By the midterms of 2020, voters appear to have reaffirmed their confidence in American democracy and the integrity of our elections. In battleground states (Pennsylvania, Michigan, Minnesota, Wisconsin, New Hampshire, Georgia, Nevada, and Arizona), nearly all standoffs have been defeated in races for the US Senate, governor, and secretary of state.
Despite endless allegations that midterm elections were rigged, there was no credible evidence of fraud or corruption.
Election officials across the country deserve recognition for the invaluable — and often invisible — role they play in ensuring that every legitimate vote is processed, counted, and recounted when necessary.
Bill Gates, Chairman of the Board of Directors for Maricopa County, Arizona, is an example of the fine work these officers did despite threats of violence against them.

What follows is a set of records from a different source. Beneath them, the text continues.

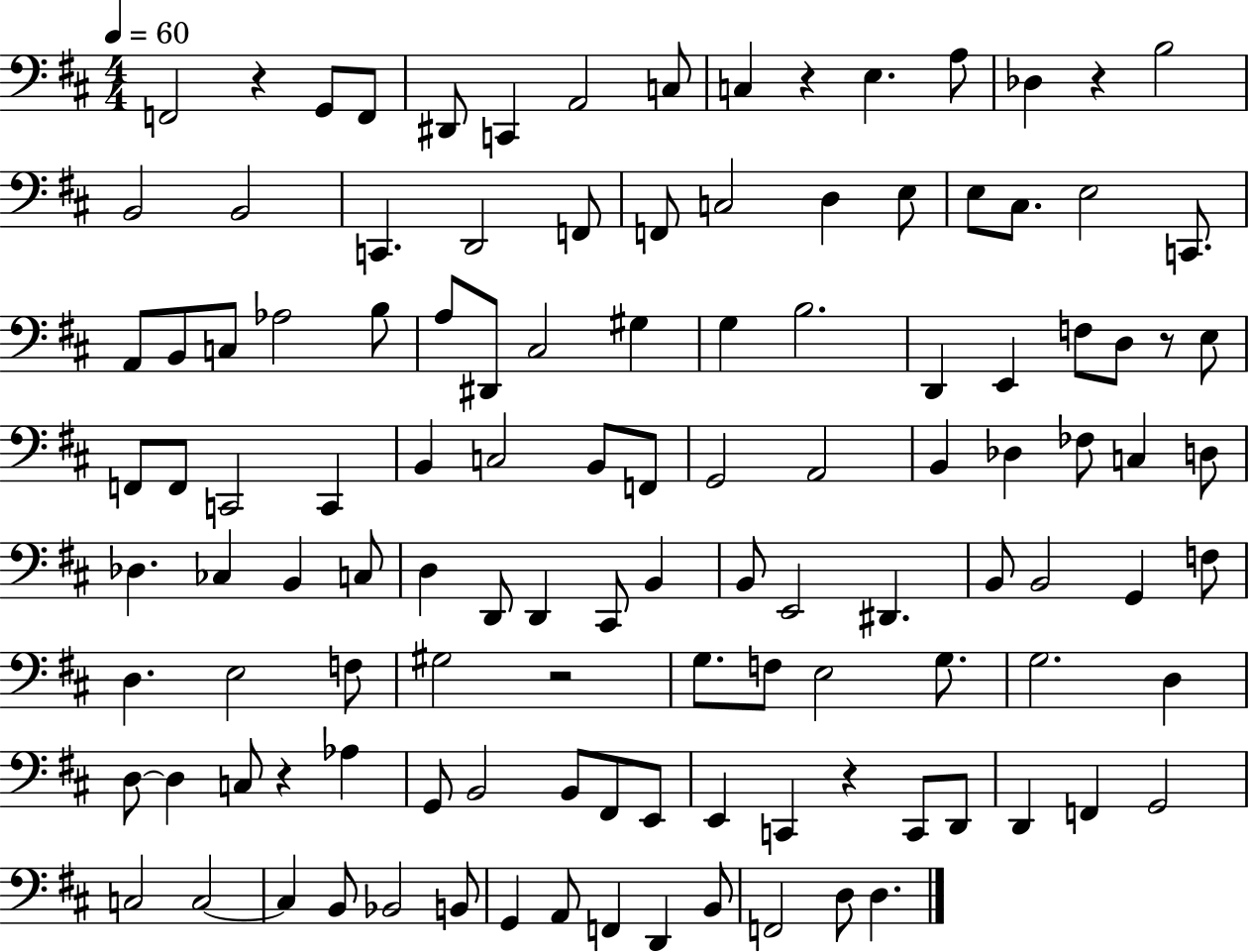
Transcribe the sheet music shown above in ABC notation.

X:1
T:Untitled
M:4/4
L:1/4
K:D
F,,2 z G,,/2 F,,/2 ^D,,/2 C,, A,,2 C,/2 C, z E, A,/2 _D, z B,2 B,,2 B,,2 C,, D,,2 F,,/2 F,,/2 C,2 D, E,/2 E,/2 ^C,/2 E,2 C,,/2 A,,/2 B,,/2 C,/2 _A,2 B,/2 A,/2 ^D,,/2 ^C,2 ^G, G, B,2 D,, E,, F,/2 D,/2 z/2 E,/2 F,,/2 F,,/2 C,,2 C,, B,, C,2 B,,/2 F,,/2 G,,2 A,,2 B,, _D, _F,/2 C, D,/2 _D, _C, B,, C,/2 D, D,,/2 D,, ^C,,/2 B,, B,,/2 E,,2 ^D,, B,,/2 B,,2 G,, F,/2 D, E,2 F,/2 ^G,2 z2 G,/2 F,/2 E,2 G,/2 G,2 D, D,/2 D, C,/2 z _A, G,,/2 B,,2 B,,/2 ^F,,/2 E,,/2 E,, C,, z C,,/2 D,,/2 D,, F,, G,,2 C,2 C,2 C, B,,/2 _B,,2 B,,/2 G,, A,,/2 F,, D,, B,,/2 F,,2 D,/2 D,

A lifelong Republican, Gates founded the Teenage Republican Club in his high school and was an officer in the Federation of College Republicans as an undergraduate at Drake University. A Harvard Law School graduate who has practiced law for 25 years, Gates has served as secretary of the Maricopa County Republican Committee, director of efforts to ensure GOP election integrity, and a member of the Phoenix City Council from 2009 to 2016 — including a stint as Deputy Mayor – and at many non-profit organizations. In 2016, Gates was elected to the board of directors of Maricopa County, the fourth-largest county in the United States with a population of 4.5 million. He has been chairman since 2019. Gates is married and has three daughters.
After the board of directors (consisting of four Republicans and one Democrat) voted unanimously to certify Joe Biden’s victory in Maricopa County’s 2020 presidential election, election officials faced threats of violence.
“It’s just awful,” Gates said.
Noting “terrible” comments in response to his posting a Christmas card on his social media, Gates added, “Nothing is taboo… Do we really expect board members to face death threats? It’s not really what you sign up for.”
Hours before a mob attacked the US Capitol in Washington, DC on Jan. 6, 2021, one blogger recommended an “old-fashioned tie party” to punish Arizona’s “traitorous” election officials; Another encouraged MAGA vigilantes to gather in front of wardens’ homes and gave their addresses. Gates evacuated his family to an Airbnb. When the Republican majority in the Arizona Senate (by one vote) refused to despise the board of directors, vote-waivers set up guillotines on the state capital’s lawn intended for them. In August 2021, despite multiple audits, including one by the bipartisan cyber ninjas, all of which found no evidence of widespread fraud, Gates said employees and supervisors at his office continued to receive calls “saying that our families.” be slaughtered.”
It was déjà vu again for the midterms.
As Maricopa officials processed and tallied votes (including nearly 300,000 votes deposited in mailboxes on Election Day, up 100,000 from 2020), Blake Masters, the Republican nominee for the US Senate, lamented that they had been treated incompetently. Kari Lake, the Republican nominee for governor, devastated poll workers for allegedly slowing down the release of results “like we’re in a banana republic” and “making it their mission to defeat the America First Republicans.” Donald Trump claimed widespread “election fraud” and demanded, “Rerun the election.” Masters, Lake and Trump provided no evidence to support their claims.
“This isn’t about partisan politics,” Gates insisted. “It’s not about conservative versus liberal. This is about truth versus lies.”
Police were tasked to patrol the Maricopa voting center, station SUVs near a chain link fence along the road, fly surveillance helicopters overhead, and maintain a security fence around the compound. The “nearly militarized zone,” according to Maricopa Sheriff Paul Penzone, was necessary to “protect ballots and people and the opportunity to vote in a free and considerate nation.”
“What really energizes me,” Gates still says, “is all the workers here, the 3,000 workers out here trying to do the right thing. You have decided to work in the election administration. It’s so noble and so attacked.”
The citizens of Maricopa County, and virtually all Americans (Republicans, Democrats, and Independents) are the beneficiaries of his dedication, skill, and courage—as well as those of his peers and every other guardian of free and fair elections who seeks to do what is right.
This week let’s give thanks to the poll workers who are making sacrifices for American democracy more than ever.
Glenn C. Altschuler is the Thomas and Dorothy Litwin Professor of American Studies at Cornell University. He is co-author (with Stuart Blumin) of “Rude Republic: Americans and their Politics in the Nineteenth Century.”